The Cambridge History of English and American Literature in 18 Volumes (1907–21).
Volume VI. The Drama to 1642, Part Two.

II. Chapman, Marston, Dekker

§ 2. Shakespeare and the “Rival Poet”

It is difficult to escape the conviction that Minto was correct in his identification of Chapman with the “rival poet” of Shakespeare’s Sonnets; and it has been argued with great force and ingenuity that the rivalry here indicated may be traced elsewhere in the work of both authors, and that the note of anger in the strain of invective which frequently appears in Chapman’s poems and prefaces, hitherto interpreted in his favour as the natural scorn of a great artist for inferior work, was the outcome of bitter personal resentment at the success of the unlettered Shakespeare and was directly aimed at him.
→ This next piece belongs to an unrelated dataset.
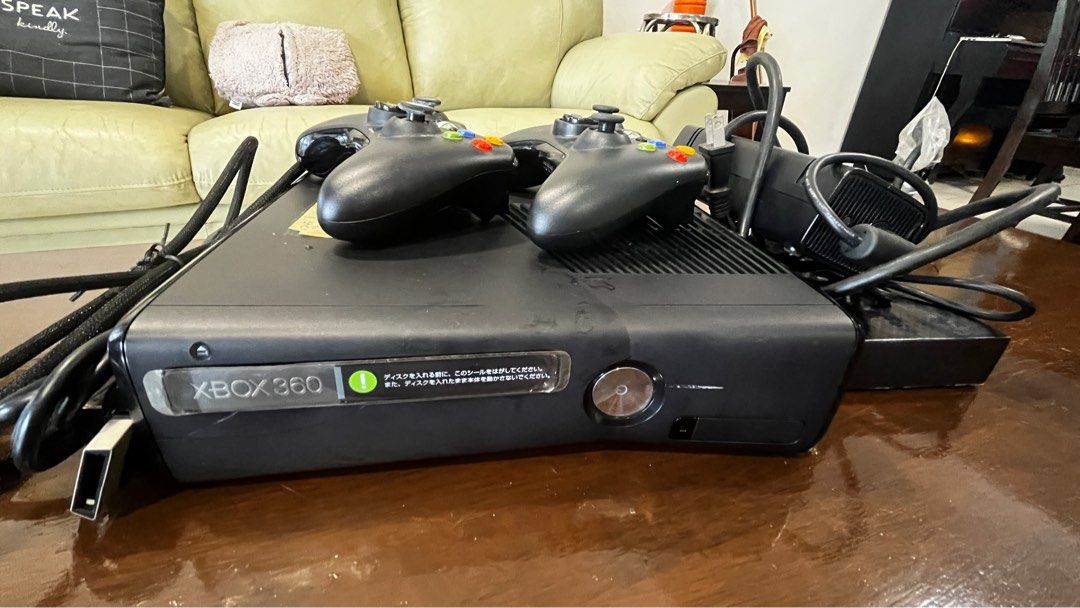 Xbox360 black Consule + 2 controllers (Category: Xbox) located in Kuala Lumpur. Submitted by glamour_eshop (Listing ID 1385646512, Image 2). Description: Original model Include : 1- console 2 - wireless controller 1- HDMI 1 - power adapter .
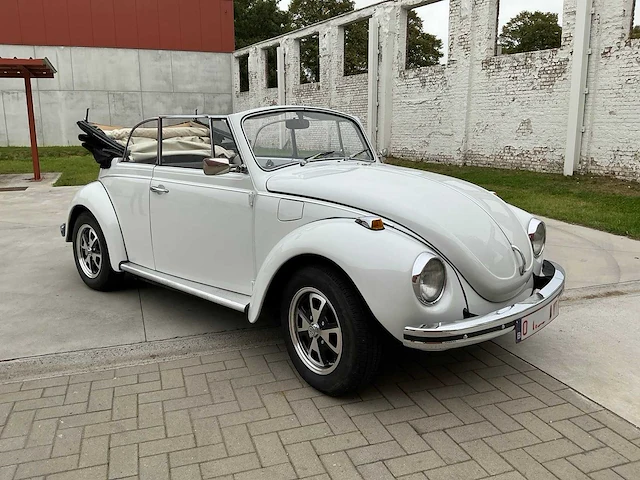 Volkswagen kever 1302s cabrio - 1971 - afbeelding 15 van  32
According to this view, The Amorous Zodiac, in the 1595 volume of poems, in the poem indicated by Shakespeare in his twenty-first sonnet; Holofernes, in Love’s Labour’s Lost, is a satirical portrait of Chapman in reply to his malevolent attacks, and Troilus and Cressida an elaborate castigation of Chapman’s extravagant laudation of Homer, his praise of Greek ideals and his contempt of all poets who were not his equals in scholarship. Though not proven, the thesis cannot be lightly dismissed.